Thursday, May 30, 2024

 

    Managerial ideology, a relatively straightforward descendant of the Enlightenment liberal-modernist project, is a formula that consists of several core beliefs, or what could be called core managerial values. At least in the West, these can be distilled into:

    1. Technocratic Scientism: The belief that everything, including society and human nature, can and should be fully understood and controlled through scientific and technical means. In this view everything consists of systems, which operate, as in a machine, on the basis of scientific laws that can be rationally derived through reason. Humans and their behavior are the product of the systems in which they are embedded.
    2. Utopianism: The belief that a perfect society is possible – in this case through the perfect application of perfect scientific and technical knowledge. The machine can ultimately be tuned to run flawlessly. At that point all will be completely provided for and therefore completely equal, and man himself will be entirely rational, fully free, and perfectly productive.

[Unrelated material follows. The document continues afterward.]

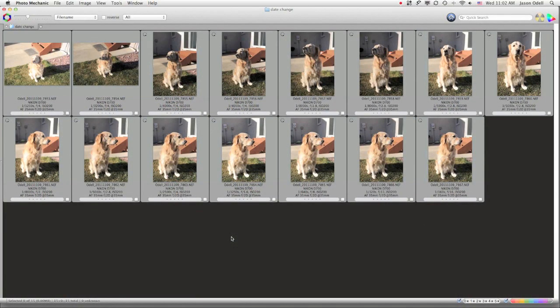All right, so I've just imported a bunch of photos into my computer, and I'm viewing them in my browser, which is Photo Mechanic.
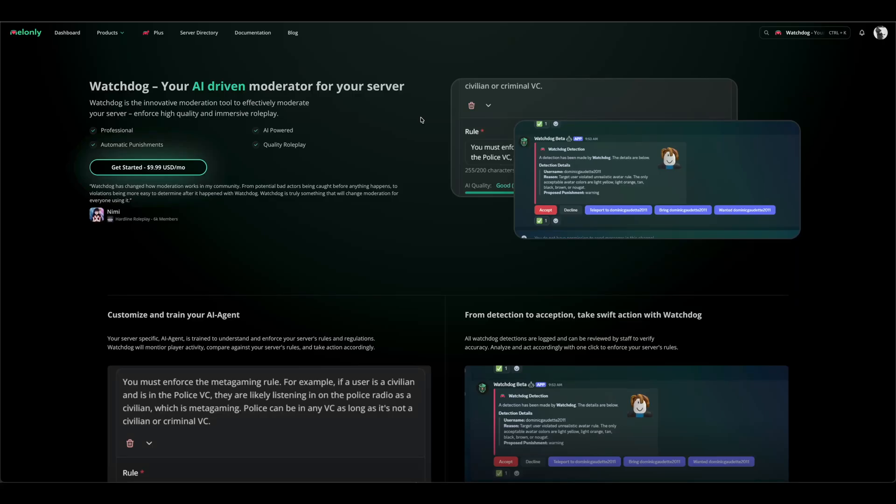Hey everyone, today I'll be going over the Watchdog product that was recently released by Melonly. To get started, go to the Watchdog page on the Melonly website.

    This state of perfection is the telos, or pre-destined end point, of human development (through science, physical and social). This creates the idea of progress, or of moving closer to this final end. Consequently history has a teleology: it bends towards utopia. This also means the future is necessarily always better than the past, as it is closer to utopia. History now takes on moral valence; to “go backwards” is immoral. Indeed even actively conserving the status quo is immoral; governance is only moral in so far as it affects change, thus moving us ever forwards, towards utopia.
    3. Meliorism: The belief that all the flaws and conflicts of human society, and of human beings themselves, are problems that can and should be directly ameliorated by sufficient managerial technique. Poverty, war, disease, criminality, ignorance, suffering, unhappiness, death… none are examples of the human condition that will always be with us, but are all problems to be solved.

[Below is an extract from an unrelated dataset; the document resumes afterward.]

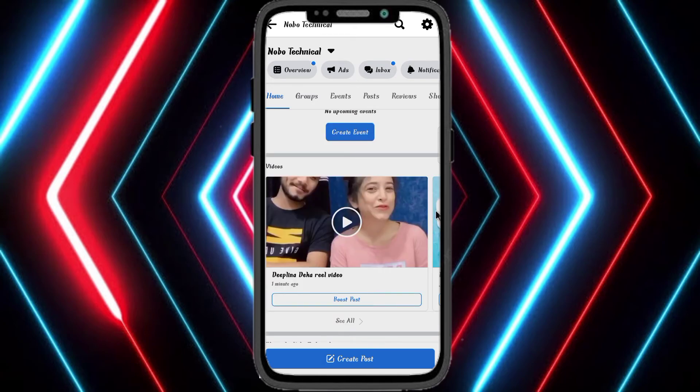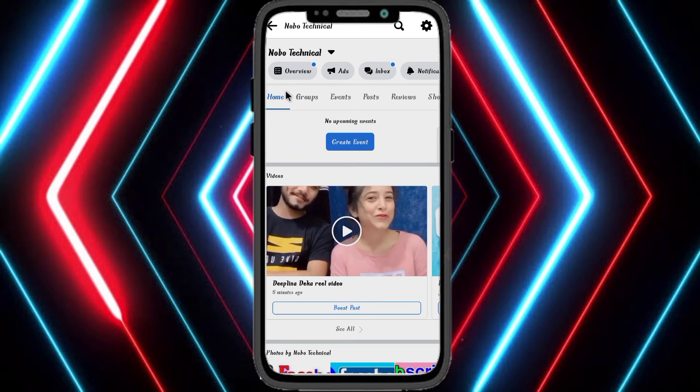Click here to share. Share and subscribe.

    It is the role of the managerial elite to identify and solve such problems by applying their expert knowledge to improve human institutions and relationships, as well as the natural world. In the end there are no tradeoffs, only solutions.
    4. Liberationism: The belief that individuals and society are held back from progress by the rules, restraints, relational bonds, historical communities, inherited traditions, and limiting institutions of the past, all of which are the chains of false authority from which we must be liberated so as to move forwards.
    Old ideas, old culture, old customs, and old habits must all be dismantled in order to ameliorate human problems, as old systems and ways of life are necessarily ignorant, flawed, and oppressive. Newer – and therefore superior – scientific knowledge can re-design, from the ground up, new systems and ways of life that will function more efficiently and morally.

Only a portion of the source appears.